The traditional image licensing business is a transactional one. Historically, the management of rights was considered to be an ongoing service, but with royalty free models eclipsing rights managed volumes, this is of little to no value for today’s image buyer. All value is wrapped up in the transaction: image rights and metadata are pre-vetted, and those are the most important and critical components to the product. Consumers are buying a license – not an image – and that license makes warranties of accuracy that assuages risk.

Today, there’s little perceived value in the function of an image agency. It’s all about the transaction (and sometimes the organization of inventory). Customers have little loyalty, and it’s of little surprise; the image industry has done little to evolve with the needs of their customers – those exceptions are responsive to price and convenience (e.g., iStockphoto). There are many vendors hawking the same inventory in most markets, and the resultant expectation of the market is akin to vending machine behavior.

Image agencies, in order to secure a future relevancy and add value for their customers, need to diversify. Shutterstocks’ recent acquisition of WebDAM can certainly occupy the category of diversification. The digital asset management company, successful in the enterprise content management space, will allow Shutterstock to drive its core business deeper into the existing corporate market. However, the ECM market is twice the size of the image licensing industry (and will grow over $9B in 2017), so penetration into this market allows for them to sell services across both sectors. With the rise of content marketing and brands as publishers, customer needs – and indeed customers – have converged. Demand for content (including imagery) goes hand in hand with content management demands.

Getty, for nearly a decade, has been selling its own DAM solution (Media Manager) for media-centric companies, but as an early entrant into the ECM market it was modeled on the needs of companies close to Getty – near-in opportunities to sell a new product to existing customers. Developed prior to cloud storage, and repackaging existing technology, it still represented the type of service mentality and alignment with customer needs that is critical in the deployment of successful ECM SaaS solutions.

In the spirit of aligning with the needs of customer, a few other image agencies have been willing to move beyond the transaction into unchartered waters. Yay Images’ most recent subscription service allows customers to edit their images before generating an embed code (and thus hosting the image being used), pivoting toward providing web-based content solutions and away from a strict image vendor. Newly-minted Snapwi.re is focused on creating demand as a request platform, pulling the customer in close on the conversation and empowering them to participate in the creation process.

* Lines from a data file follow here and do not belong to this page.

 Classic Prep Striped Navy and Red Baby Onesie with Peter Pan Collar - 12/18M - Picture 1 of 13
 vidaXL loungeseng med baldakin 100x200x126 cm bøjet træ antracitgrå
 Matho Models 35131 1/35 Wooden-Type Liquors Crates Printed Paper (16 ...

What about the reverse, where successful services-related businesses ventured into image licensing? Two tales come readily to mind and both share similar paths at the same time: PhotoShelter and Digital Railroad. Both came to market as a photographer portfolio platform, and both took steps toward building a marketplace for their photographers to opt-in and license. Digital Railroad exhibited good growth at the outset of their Marketplace – a big selling point being its unique collection – but other problems doomed the company. Photoshelter, after almost a year in market with their Photoshelter Collection, threw in the towel after not seeing the type of growth they had hoped for.

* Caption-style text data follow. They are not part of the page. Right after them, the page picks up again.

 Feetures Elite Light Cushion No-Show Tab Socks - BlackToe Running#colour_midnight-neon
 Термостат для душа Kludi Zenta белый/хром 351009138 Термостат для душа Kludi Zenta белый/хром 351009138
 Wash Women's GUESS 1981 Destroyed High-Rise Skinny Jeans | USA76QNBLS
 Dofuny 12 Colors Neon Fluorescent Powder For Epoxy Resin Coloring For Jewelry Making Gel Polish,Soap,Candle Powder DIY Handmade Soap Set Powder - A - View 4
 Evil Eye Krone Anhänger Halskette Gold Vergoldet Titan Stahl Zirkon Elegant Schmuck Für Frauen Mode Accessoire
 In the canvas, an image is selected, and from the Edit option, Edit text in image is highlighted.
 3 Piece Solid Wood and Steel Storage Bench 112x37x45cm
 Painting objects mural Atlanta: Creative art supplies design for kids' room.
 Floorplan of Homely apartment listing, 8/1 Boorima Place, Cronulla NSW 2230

While service and solution-focused companies seeking to pivot into image licensing struggle in finding traction (in fact, they fail), the incumbents entrenched in image licensing struggle to hold onto their customers and move with them across a changing landscape. Shutterstock’s WebDAM acquisition is a convincing move that reframes the question of what an image agency is, and what it needs to be, but is it also hedging its bets on behalf of its shareholders; is it serious about innovating in the ECM space? Moreover, do others possess the ability, vision and mettle to follow their lead?

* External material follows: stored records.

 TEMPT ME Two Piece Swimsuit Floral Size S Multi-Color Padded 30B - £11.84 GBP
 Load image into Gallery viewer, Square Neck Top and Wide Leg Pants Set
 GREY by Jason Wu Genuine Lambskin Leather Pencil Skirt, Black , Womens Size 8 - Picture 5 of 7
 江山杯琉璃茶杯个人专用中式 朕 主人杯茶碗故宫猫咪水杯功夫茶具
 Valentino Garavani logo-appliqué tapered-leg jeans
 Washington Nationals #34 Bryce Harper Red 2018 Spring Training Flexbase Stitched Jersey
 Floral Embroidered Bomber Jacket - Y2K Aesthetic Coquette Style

The image industry has a lot of knowledge and insight into content management, content distribution and content rights – all of which are highly germane to content marketing and publishing. Many are innovating on the creation and delivery of solutions into this space, but very few are image industry incumbents. If image agencies want to provide value beyond the transaction, they’d be wise to study not only their current customers, but identify their future ones.